Registrar of Companies; RoC

[2023] 146 taxmann.com 118 (Article)

1. Introduction

Prospective means future laws, which means any law or regulation which were made in the purview of future acts. Retrospective means past laws, which means laws which followed under events that impaired an existing right or obligation. Whenever, the regulators bring out any amendments, which are always with prospective effect not with retrospective effect. Retrospective amendments of law or an ex post facto law are one that retroactively changes the legal consequences of actions that were committed, or relationships that existed, before the enactment of the law. For example, in the case of criminal law, the effect of retrospective might criminalize an action that was legal when the same was committed. Further, retrospective law-making is unjust because it disappoints the justified expectations of those who, in acting, have relied on the assumption that the legal consequences of their acts will be determined by the known state of the law established at the time of their acts. In this respect, vide Article 20(1) of our Constitution prohibits the enforcement of any retrospective law or amendment which might be harmful to the rights of the citizens and the amendments when brought out with prospective effect not at all harmful for the larger good.

2. Requirement of filing resolutions passed by the companies with the ROC

Sub-section (1) of section 117 of the Companies Act 2013, provides that a copy of every resolution or any agreement, in respect of matters specified in sub-section (3) of section 117 together with the explanatory statement under section 102, if any, annexed to the notice calling the meeting in which the resolution is proposed, shall be filed with the Registrar of Companies within thirty days of the passing or making thereof in such manner and with such fees as may be prescribed.

A copy of every resolution or any agreement required to be filed, together with an explanatory statement under section 102, if any, shall have to be filed with the Registrar of Companies in form no MGT-14 along with the fee. Sub-section (3) of section 117 provides the list of items for which such filing is called for and as per 117 (3) (g) resolutions passed pursuant to section (3) of section 179 is one such item against others. The above provisions were applicable to all the companies i.e. listed companies, unlisted public companies and as well to private companies – based on these provisions all companies were required to file the MGT-14 form for the resolutions passed as stated above.

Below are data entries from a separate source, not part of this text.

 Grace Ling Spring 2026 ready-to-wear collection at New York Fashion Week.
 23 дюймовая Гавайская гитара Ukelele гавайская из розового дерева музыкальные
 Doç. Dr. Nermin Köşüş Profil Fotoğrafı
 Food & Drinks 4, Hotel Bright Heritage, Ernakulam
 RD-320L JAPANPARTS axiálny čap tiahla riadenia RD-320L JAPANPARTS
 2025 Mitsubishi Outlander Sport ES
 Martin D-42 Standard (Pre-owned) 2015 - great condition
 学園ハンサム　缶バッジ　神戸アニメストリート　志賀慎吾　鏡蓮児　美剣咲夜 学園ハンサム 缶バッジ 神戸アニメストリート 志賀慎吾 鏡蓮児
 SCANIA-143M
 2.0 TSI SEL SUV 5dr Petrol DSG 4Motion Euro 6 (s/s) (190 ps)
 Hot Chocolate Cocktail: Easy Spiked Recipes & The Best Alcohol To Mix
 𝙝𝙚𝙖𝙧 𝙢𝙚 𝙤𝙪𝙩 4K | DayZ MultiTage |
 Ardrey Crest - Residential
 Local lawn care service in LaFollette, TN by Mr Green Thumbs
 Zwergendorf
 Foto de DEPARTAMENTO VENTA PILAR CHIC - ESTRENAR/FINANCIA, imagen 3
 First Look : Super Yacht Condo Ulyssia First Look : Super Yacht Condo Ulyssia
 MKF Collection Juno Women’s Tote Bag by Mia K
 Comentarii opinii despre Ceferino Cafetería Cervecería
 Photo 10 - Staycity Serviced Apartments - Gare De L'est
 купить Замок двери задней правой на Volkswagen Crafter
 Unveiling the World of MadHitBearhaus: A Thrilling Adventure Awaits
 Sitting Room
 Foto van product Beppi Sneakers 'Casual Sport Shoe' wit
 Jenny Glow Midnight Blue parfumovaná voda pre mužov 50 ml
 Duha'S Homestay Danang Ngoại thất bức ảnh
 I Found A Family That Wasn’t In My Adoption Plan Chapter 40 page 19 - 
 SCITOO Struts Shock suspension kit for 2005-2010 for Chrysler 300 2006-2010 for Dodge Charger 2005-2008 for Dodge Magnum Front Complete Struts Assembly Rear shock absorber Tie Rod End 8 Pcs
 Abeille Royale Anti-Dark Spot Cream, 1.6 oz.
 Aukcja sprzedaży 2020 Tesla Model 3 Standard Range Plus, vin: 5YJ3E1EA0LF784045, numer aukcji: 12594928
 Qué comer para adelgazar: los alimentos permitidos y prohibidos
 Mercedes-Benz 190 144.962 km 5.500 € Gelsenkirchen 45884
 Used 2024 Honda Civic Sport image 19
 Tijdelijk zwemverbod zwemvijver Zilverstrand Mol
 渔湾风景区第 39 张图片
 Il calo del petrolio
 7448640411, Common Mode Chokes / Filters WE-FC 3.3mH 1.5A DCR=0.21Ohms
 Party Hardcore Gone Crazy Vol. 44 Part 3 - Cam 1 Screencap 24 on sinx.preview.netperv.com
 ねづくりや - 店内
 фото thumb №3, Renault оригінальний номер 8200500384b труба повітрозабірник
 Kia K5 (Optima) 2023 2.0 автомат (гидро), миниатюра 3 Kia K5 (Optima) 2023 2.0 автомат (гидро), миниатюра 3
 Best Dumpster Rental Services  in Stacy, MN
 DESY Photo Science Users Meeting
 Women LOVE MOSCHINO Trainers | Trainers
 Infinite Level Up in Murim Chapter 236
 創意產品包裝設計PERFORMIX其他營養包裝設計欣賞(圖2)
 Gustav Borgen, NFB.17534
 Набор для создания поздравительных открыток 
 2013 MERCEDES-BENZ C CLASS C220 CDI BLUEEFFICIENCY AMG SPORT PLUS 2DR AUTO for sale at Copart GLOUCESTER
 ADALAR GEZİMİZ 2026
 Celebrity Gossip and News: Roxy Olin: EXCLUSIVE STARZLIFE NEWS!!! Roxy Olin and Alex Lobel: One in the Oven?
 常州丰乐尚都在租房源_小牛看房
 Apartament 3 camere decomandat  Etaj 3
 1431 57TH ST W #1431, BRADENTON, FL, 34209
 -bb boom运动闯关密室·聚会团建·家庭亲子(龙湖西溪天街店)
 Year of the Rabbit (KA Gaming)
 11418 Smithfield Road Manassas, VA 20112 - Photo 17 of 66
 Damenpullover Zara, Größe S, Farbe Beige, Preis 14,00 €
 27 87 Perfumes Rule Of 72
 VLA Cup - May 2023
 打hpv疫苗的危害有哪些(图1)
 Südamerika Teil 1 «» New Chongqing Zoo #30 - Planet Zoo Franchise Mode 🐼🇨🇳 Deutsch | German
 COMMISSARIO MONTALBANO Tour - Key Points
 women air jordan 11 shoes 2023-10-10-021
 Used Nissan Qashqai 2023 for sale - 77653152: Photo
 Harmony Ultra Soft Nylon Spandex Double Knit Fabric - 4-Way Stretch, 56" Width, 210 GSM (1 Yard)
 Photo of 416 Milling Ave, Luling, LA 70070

3. Amendment brought out by MCA in respect of Private Limited Companies

The Ministry of Corporate Affairs, vide its notification dated 5th June 2015, declared that the provisions of section 117(3) (g) of the Companies Act 2013 shall not be applicable to Private Limited Companies effective from 5th June 2015 with a result the private companies were exempted from filing the form MGT-14 for the board resolutions passed by the companies. However, prior to this date, the private companies were also required to file form MGT-14 with the Registrar of Companies with respect to the resolutions required under Section 117(3) (g) of the Companies Act, 2013.

4. Penal provision for any default/violation under the Companies Act 2013

Sub-section (2) of section 117 of the Companies Act 2013 provides that if any company fails to file the resolution or the agreement under sub-section (1) before the expiry of the period specified therein, such company shall be liable to a penalty of one lakh rupees and in case of continuing failure, with a further penalty of five hundred rupees for each day after the first during which such failure continues, subject to a maximum of twenty-five lakh rupees and every officer of the company who is in default including liquidator of the company, if any, shall be liable to a penalty of fifty thousand rupees and in case of continuing failure, with a further penalty of five hundred rupees for each day after the first during which such failure continues, subject to a maximum of five lakh rupees.